Advocates to Congress: Go ahead, edit Wikipedia
Transparency advocates are pushing Congress to get more active on Wikipedia, saying it’s time for staffers to embrace the sixth most-popular website in the world.
“There’s an aversion on Capitol Hill to editing Wikipedia, and I think there’s some distrust among the Wikipedia community for edits coming from Congress,” Jim Harper, a senior fellow at the libertarian Cato Institute, said at a Capitol Hill event on Monday.
“But with work and with care, I think we can improve that situation markedly and bring information to the American people about what happens here.”
{mosads}Harper joined colleagues from Cato and a public policy advisory board for the Wikimedia Foundation, the nonprofit that oversees Wikipedia, for a luncheon discussion urging congressional staffers to edit more pages on the site.

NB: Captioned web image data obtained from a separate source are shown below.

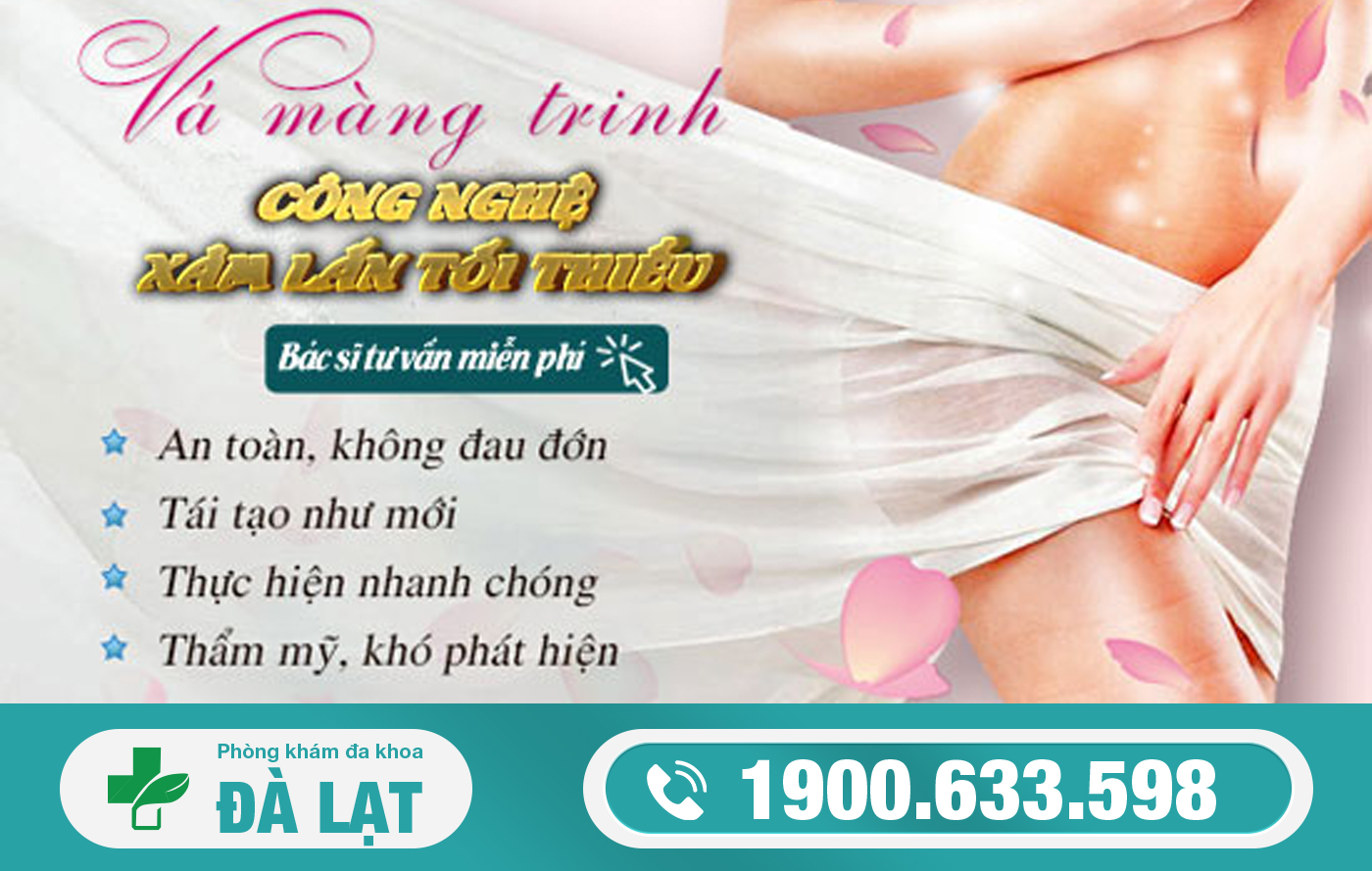 Hình ảnh minh họa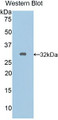 Western Blot; Sample: Recombinant protein.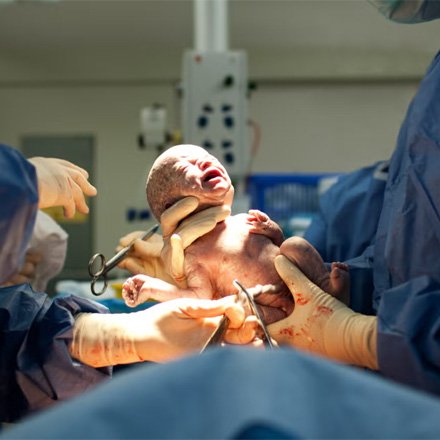 Cesarean Section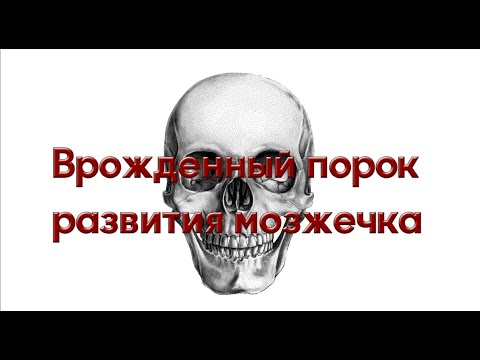 Видео: Диагностика аномалии Арнольда Киари врожденный порок развития мозжечка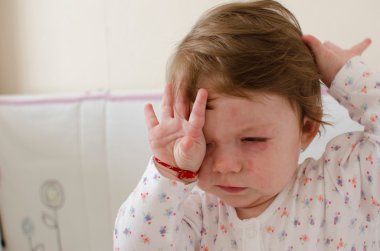  Roseola Infantum döküntü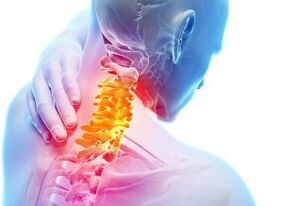 Dolore e fitta nella zona cervicale con osteocondrosi di terzo grado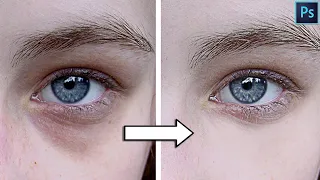 Remove dark circles under eyes | Photoshop Tutorial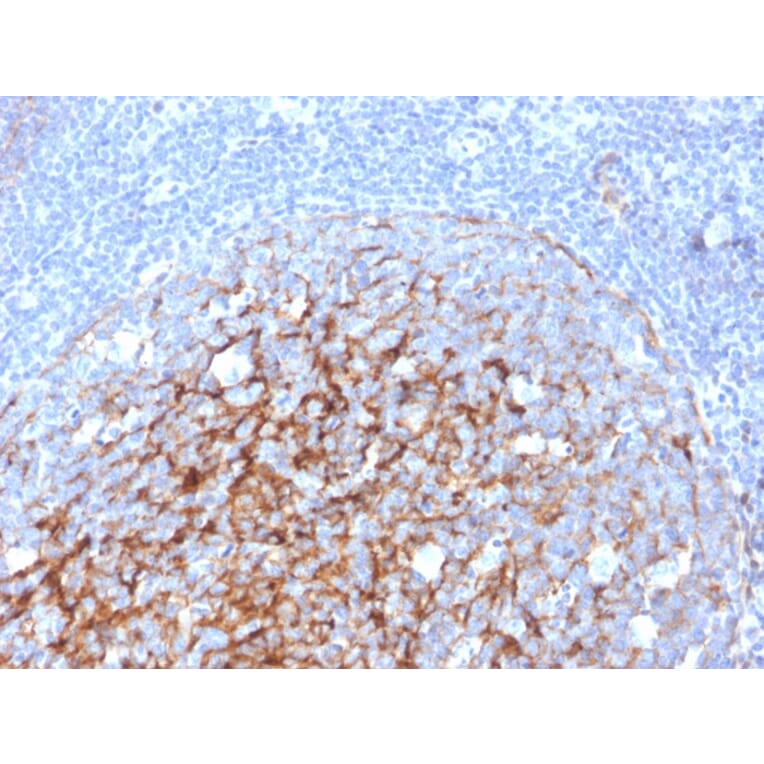 Immunohistochemistry - Anti-CD21 Antibody [CR2/3247] (A248266) - Antibodies.com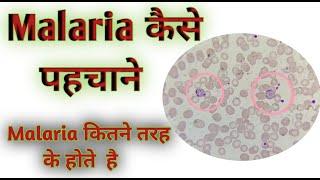 malaria parasite I Plasmodium vivax under microscope I malaria positive report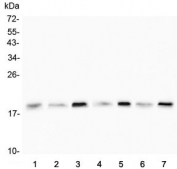 Western blot testing of human 1) HeLa, 2) U-2 OS, 3) HepG2, 4) T-47D, 5) Raji, 6) placenta and 7) A549 lysate with Cofilin 2 antibody. Predicted molecular weight ~19 kDa.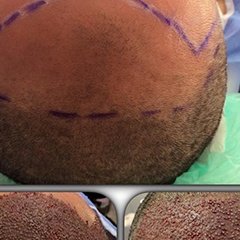 "Bugün saç ekim günüydü. Ön saç çizgisi oluşturma ayrıntılı bir çalışma gerektiriyor. 2375 kök ile bugün bunu başardık..." instagram.com/dralitufansoydan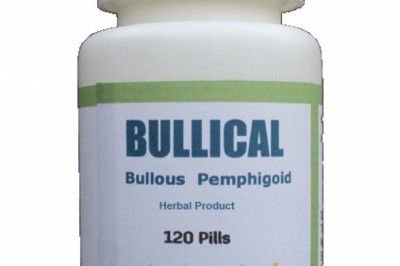 Treatment for Alopecia | Remedies | Herbal Care Products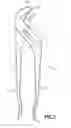 Fig. 03 - Torque grip slip force pliers
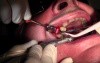 BSB Implant Placement #4 into Mineross Regenerated Bone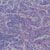 thumbnail image of Lymphocytic interstitial pneumonitis/pulmonary lymphocytic hyperplasia: lung biopsy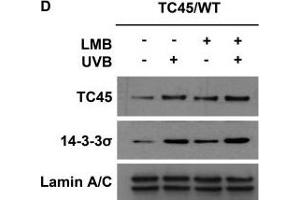 AKT cooperates with 14-3-3σ to facilitate nuclear translocation of TC45 in response to UVB irradiationWestern blot analysis of A.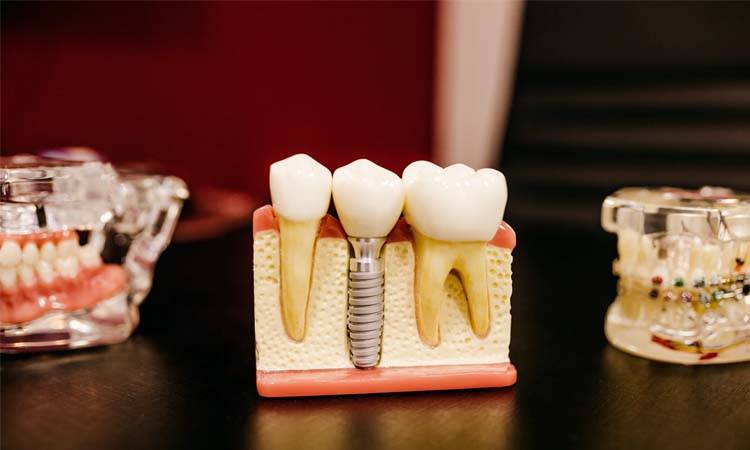 New drug can regenerate lost teeth!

Wikipedia can be a valuable resource for spreading information about what Congress is doing, Harper said, but many staffers are skittish about the site.
Anxiety on Capitol Hill about using Wikipedia was heightened earlier this year when a Twitter account, @congressedits, started automatically tweeting whenever Wikipedia pages were anonymously edited from a congressional Internet Protocol (IP) address.
Web developer Ed Summers, who created the Twitter bot, has said he only meant to better make information accessible to more people, and never set out to shame congressional offices for editing entries.
“I created @congressedits because I hoped it could engender more, better ideas and tools like it. More thought experiments,” he wrote in a blog post as the account gained popularity.
“We need transparency in our government more than ever, so we can have healthy debates about the issues that matter.”
In July, staffers in the House were blocked from editing Wikipedia for 10 days, after they made a number of “disruptive” edits that seemed to be at least partly made as a prank to trigger the Twitter account.
People operating from a House IP address edited pages for “Moon landing conspiracy theories,” the frozen treat Choco Taco and the fabled reptilian race of aliens, among many others. Many of the edits were minor grammatical changes, stoking suspicion that they were made merely to show up in the stream of the Twitter account.
The Twitter bot only logs anonymous edits, which are “immediately cast with the likelihood that they’re low-quality edits, that they’re inappropriate edits, they have to be reversed,” said Harper, who recently helped make a similar Twitter account that gives updates whenever anyone edits pages for legislation on Wikipedia.
The nature of @congressedits could inspire more staffers to sign up with their own accounts on the site so they are judged on the merits of their own work.
“Your first step, if you’re going to edit a piece of legislation or really any article [on Wikipedia], is you should join and become a user,” said Cato legislative researcher Michelle Newby.
“This is good because it gives you accountability,” she added. “You can go on editing from the same building as this jerk over here; his edits and my edits are different.”